Bill Langford's 1983 trip included his son, Jim, when he was much younger. The most recent adventure included Jim again, along with his son Sevie, 16, both of Minneapolis.

"I had some second thoughts before I went," Langford admitted. "I had a bad hip going in, and I didn't want to go out and screw it up for the rest of the crew."

In the end, Langford joined six other Langfords and six family friends on the trip, and he reported having a wonderful time.

"I'm glad I did it," he said. "It's beautiful country and such a unique experience."

Langford said the weather was terrific and it rained just one evening. Also, everyone on the trip got along well.

"The chemistry was all good in our group," Langford said. "That's good, because one person can screw up an entire trip."

An added bonus to the trip is the time the Langfords and their friends got to spend together, he said.

"You really get to know people when you do something like this together."

The hired outfitter for the trip brought along a total of 25 animals (16 horses and nine pack mules).

The biggest bummer of the 75-mile trip was that the group wasn't able to cross the Yellowstone River, due to high water. "It was too high for the animals to cross safely," Langford explained.

The crew had to alter the 1983 route slightly as a result.

Another annoying turn was when the group was fined $100 for "inadequate distribution of manure." Rangers require horse and mule owners to spread out manure droppings evenly and not leave it in piles.
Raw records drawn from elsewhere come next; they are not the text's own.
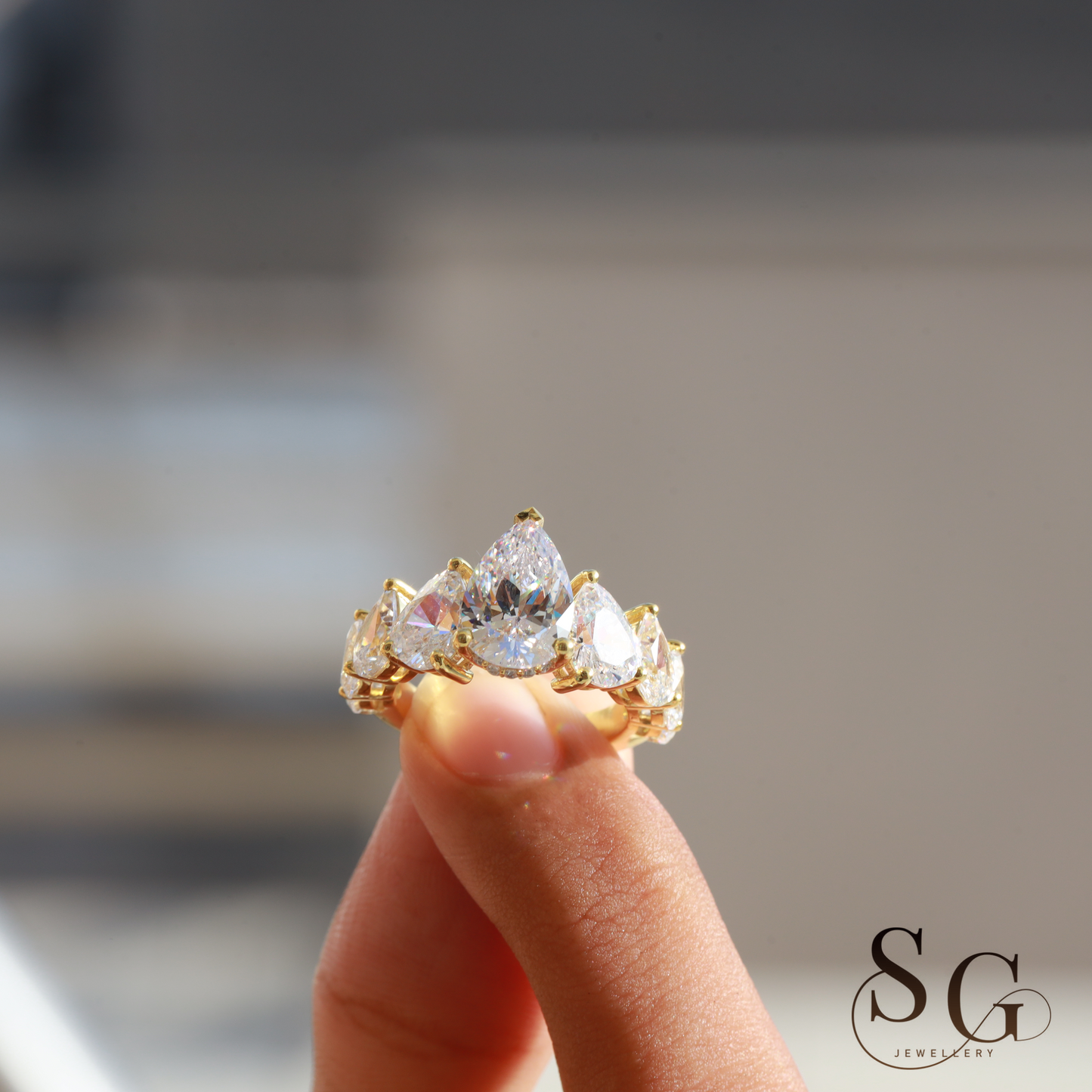 Pear Lab Diamond Hidden Halo Engagement Ring for Anniversary Celebrations.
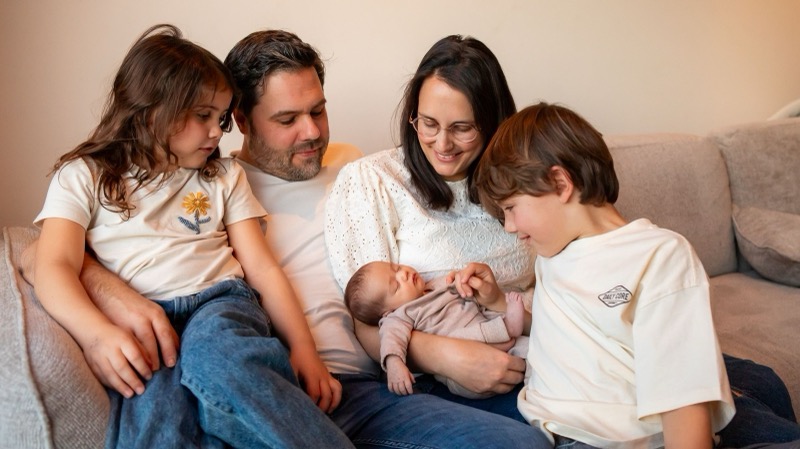 Het hele gezin met de nieuwe baby in de zetel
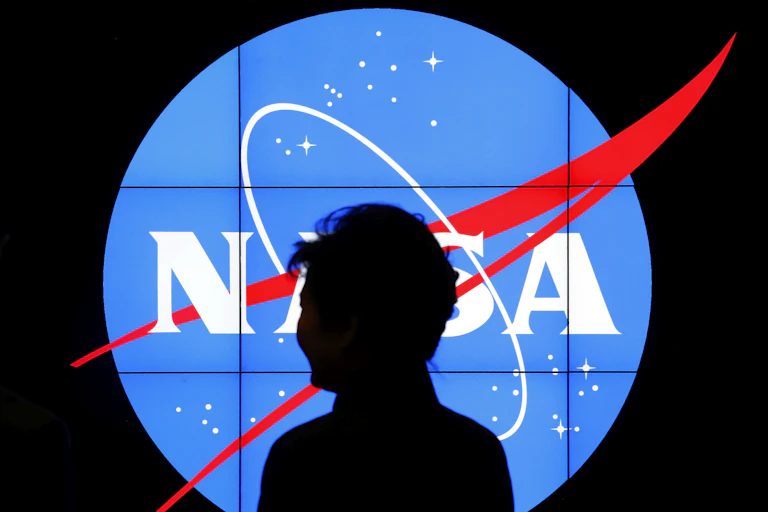A man stands silhouetted in front of a bright NASA logo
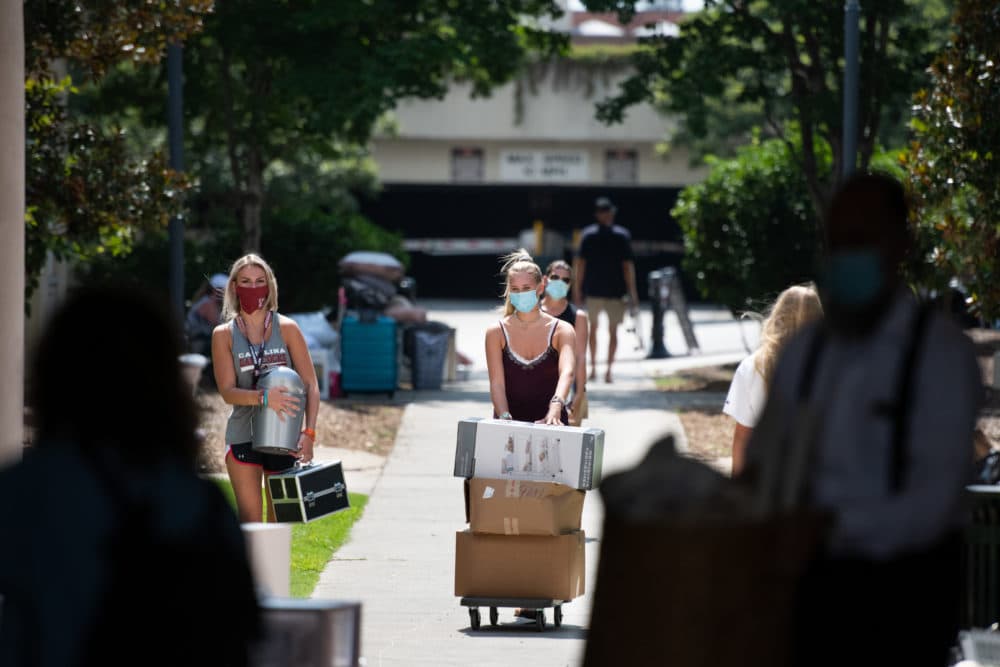 Students move belongings into a campus dormitory at the University of South Carolina on August 10, 2020 in Columbia, South Carolina. (Sean Rayford/Getty Images)
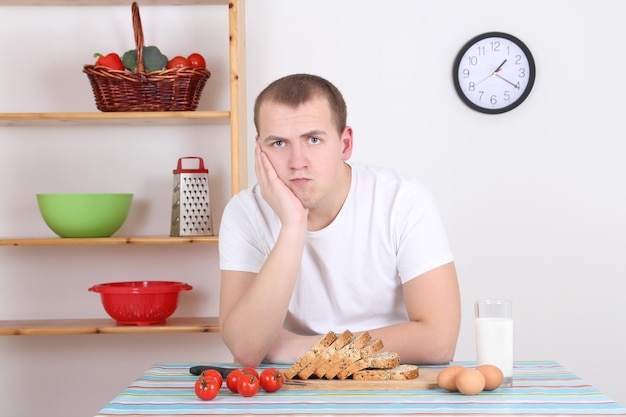 Triste joven sentado en la cocina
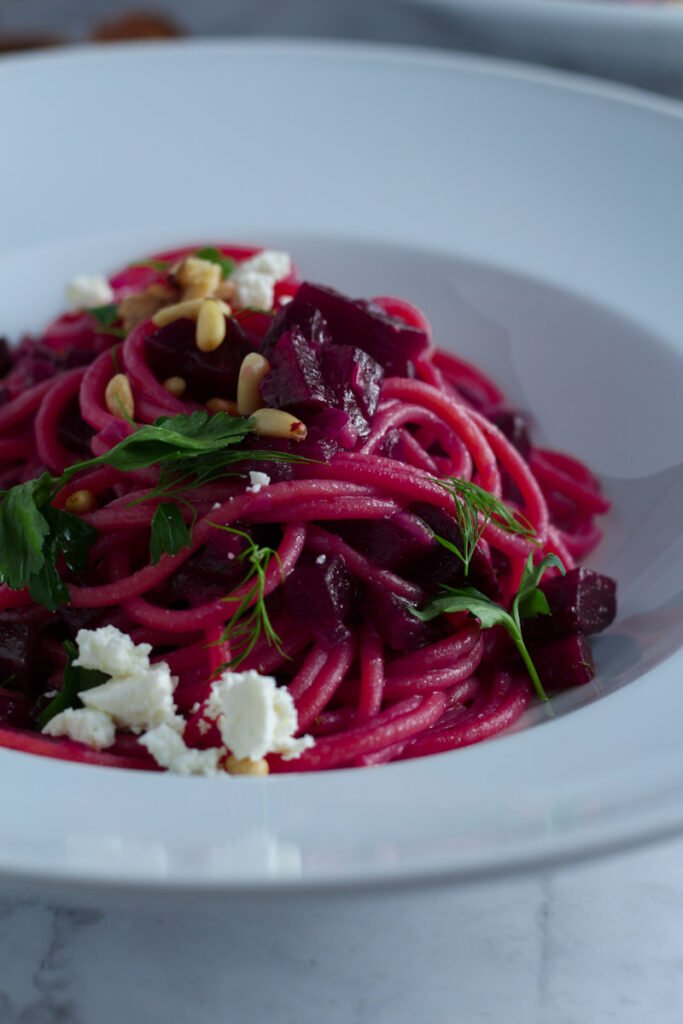 A picture of Beetroot and Feta Pasta in a white bowl, topped with toasted nuts and feta cheese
"They don't like horses in the park, I think," Langford said. "So they make it difficult to have them in the park."

Even with those few annoying moments, Langford said the trip gave everyone a chance to bond and see some magnificent scenery.

"When we were done, I didn't hear a discouraging word," he said.

As the final touch to the trip, Bill Langford presented his grandson, Sevie, with a custom buck knife that was crafted for the 1983 trip.

Bill Langford told his grandson it's up to him to pass on the family's love for, and deep connection to, Yellowstone National Park.